"""
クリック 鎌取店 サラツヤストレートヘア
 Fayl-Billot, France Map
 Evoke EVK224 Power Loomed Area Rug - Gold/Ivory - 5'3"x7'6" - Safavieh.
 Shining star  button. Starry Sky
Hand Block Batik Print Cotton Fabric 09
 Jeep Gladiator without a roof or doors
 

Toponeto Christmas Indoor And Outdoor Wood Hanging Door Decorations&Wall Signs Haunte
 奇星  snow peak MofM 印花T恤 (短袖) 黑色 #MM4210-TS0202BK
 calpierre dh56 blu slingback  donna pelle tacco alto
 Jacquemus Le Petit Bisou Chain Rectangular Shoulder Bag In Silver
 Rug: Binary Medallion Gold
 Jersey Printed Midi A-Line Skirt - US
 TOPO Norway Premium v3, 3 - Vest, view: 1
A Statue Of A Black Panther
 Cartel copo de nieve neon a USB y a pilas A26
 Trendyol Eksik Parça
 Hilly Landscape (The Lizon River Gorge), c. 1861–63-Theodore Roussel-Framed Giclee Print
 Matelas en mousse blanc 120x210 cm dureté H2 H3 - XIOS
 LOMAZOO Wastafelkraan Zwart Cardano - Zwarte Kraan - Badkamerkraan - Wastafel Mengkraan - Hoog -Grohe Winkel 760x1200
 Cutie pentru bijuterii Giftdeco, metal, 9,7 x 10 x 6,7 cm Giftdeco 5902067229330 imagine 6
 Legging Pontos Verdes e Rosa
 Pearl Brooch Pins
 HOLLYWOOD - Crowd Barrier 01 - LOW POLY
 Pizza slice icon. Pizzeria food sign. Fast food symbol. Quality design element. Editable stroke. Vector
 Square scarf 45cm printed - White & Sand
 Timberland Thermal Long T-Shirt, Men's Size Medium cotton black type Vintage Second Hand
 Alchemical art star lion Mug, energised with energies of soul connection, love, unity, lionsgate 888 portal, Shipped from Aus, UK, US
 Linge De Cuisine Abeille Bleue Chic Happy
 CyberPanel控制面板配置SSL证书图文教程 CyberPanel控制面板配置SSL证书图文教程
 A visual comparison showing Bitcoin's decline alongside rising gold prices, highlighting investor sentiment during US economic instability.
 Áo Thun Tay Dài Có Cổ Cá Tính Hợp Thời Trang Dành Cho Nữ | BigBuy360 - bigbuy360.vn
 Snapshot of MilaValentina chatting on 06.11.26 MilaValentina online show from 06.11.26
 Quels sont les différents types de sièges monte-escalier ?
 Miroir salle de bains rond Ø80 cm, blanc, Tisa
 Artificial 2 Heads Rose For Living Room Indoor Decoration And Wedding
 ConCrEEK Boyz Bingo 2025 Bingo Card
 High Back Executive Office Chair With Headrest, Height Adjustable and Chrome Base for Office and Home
"""
- **WHAT YOU SHOULD DO**
A verbatim transcription is required: the first line of the listing, the line containing "Matelas en mousse", and every line between them.

- **ANSWER BOX**
クリック 鎌取店 サラツヤストレートヘア
 Fayl-Billot, France Map
 Evoke EVK224 Power Loomed Area Rug - Gold/Ivory - 5'3"x7'6" - Safavieh.
 Shining star  button. Starry Sky
Hand Block Batik Print Cotton Fabric 09
 Jeep Gladiator without a roof or doors
 

Toponeto Christmas Indoor And Outdoor Wood Hanging Door Decorations&Wall Signs Haunte
 奇星  snow peak MofM 印花T恤 (短袖) 黑色 #MM4210-TS0202BK
 calpierre dh56 blu slingback  donna pelle tacco alto
 Jacquemus Le Petit Bisou Chain Rectangular Shoulder Bag In Silver
 Rug: Binary Medallion Gold
 Jersey Printed Midi A-Line Skirt - US
 TOPO Norway Premium v3, 3 - Vest, view: 1
A Statue Of A Black Panther
 Cartel copo de nieve neon a USB y a pilas A26
 Trendyol Eksik Parça
 Hilly Landscape (The Lizon River Gorge), c. 1861–63-Theodore Roussel-Framed Giclee Print
 Matelas en mousse blanc 120x210 cm dureté H2 H3 - XIOS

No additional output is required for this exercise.